As a programmer, I’m constantly learning new things - and should be taking notes on them. There are a lot of strategies for doing this, which will be discussed later. However, none of these strategies effectively captures the several key properties that are of particular interest to a programmer (and to several other professions). The problem is to enable the programmer to develop and build their own personal repository of knowledge in a useful ontology that also facilitates in-band exploration of ideas. A useful system will
- Provide a mechanism for capturing thoughts and knowledge
- Provide tooling for organising this collection
- Support small programs alongside information to demonstrate ideas
- Allow the programmer to share knowledge with other programmers
As mentioned before, there is quite a bit of related work:
- Wikis are useful in that they provide an easy way to organise and capture knowledge. There are limits to these: the more featured examples require running on a server (usually to facilitate information sharing), and those that don’t are harder to synchronise with other users.
- Jupyter notebooks are useful explorations of a particular topic, but they suffer from a few misfeatures: they have a shared lexical environment and their only real built-in organisational feature is a tree structure with hyperlinks.
- Many programmers keep a collection of notes as plaintext files stored locally and perhaps synchronised across multiple machines via source control (e.g. git) or a networked file system (like Dropbox or Google Drive).
The approach taken by GraphBook, as the name might imply, is a notebook where the pages are organised as a graph of nodes. In its current nascent state, many details are still being explored. However, the following basic structure is currently being pursued:
- A notebook is a graph: a collection of nodes that are linked to other nodes.
- The persisted form of the notebook should be suitable for synchronisation via a network file system.
- The notebook can run as a local process that can provide a server interface over the notebook.
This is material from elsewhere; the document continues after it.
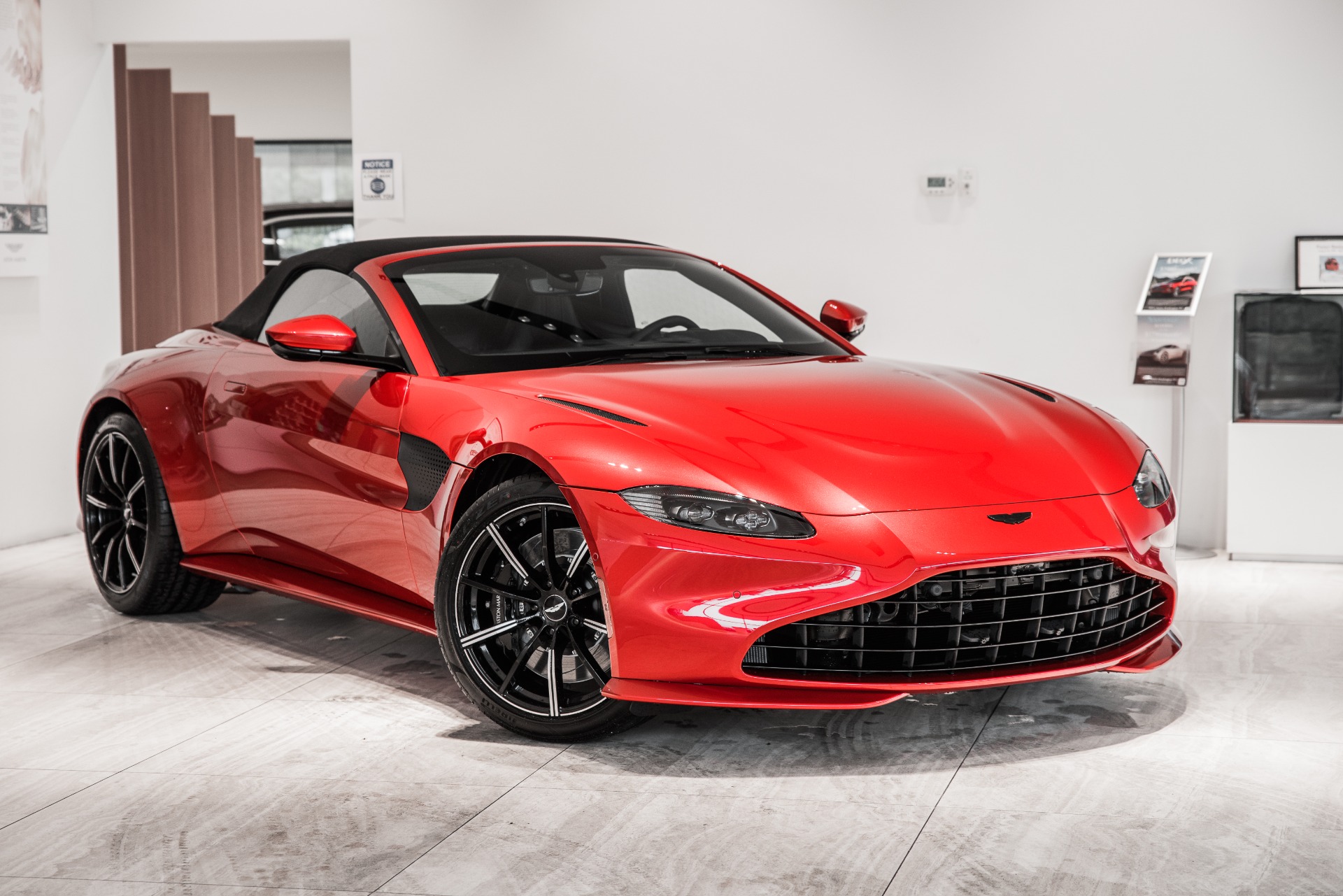 New 2021 Aston Martin Vantage | Vienna, VA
A peer-to-peer scheme (like a DHT) could provide remote access and sharing.
- A sandboxed execution environment will provide the opportunity for programs to be embedded alongside other forms of knowledge capture (like plaintext).
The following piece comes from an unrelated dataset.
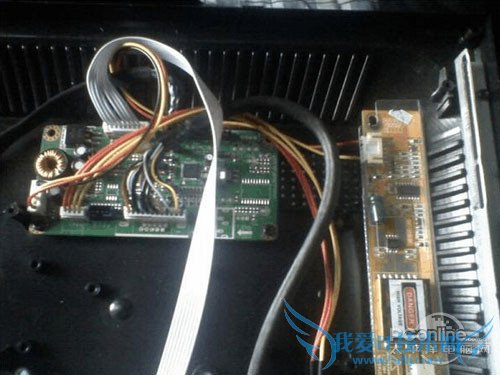 笔记本电脑显示器怎么改装台式机显示器 三联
The goals of this project are to provide such an interface that can operate as a useful extension of the programmer, with programs as illustrations of ideas. The end result should be something of a cross between a wiki, a code snippet store, and a Jupyter notebook.
Current ideas for the sandboxed environment are
- A WASM virtual machine.
- A built-in Scheme interpreter.
- Shelling out to a program on the user’s machine, e.g. a Lua interpreter.
The source code is available on Github.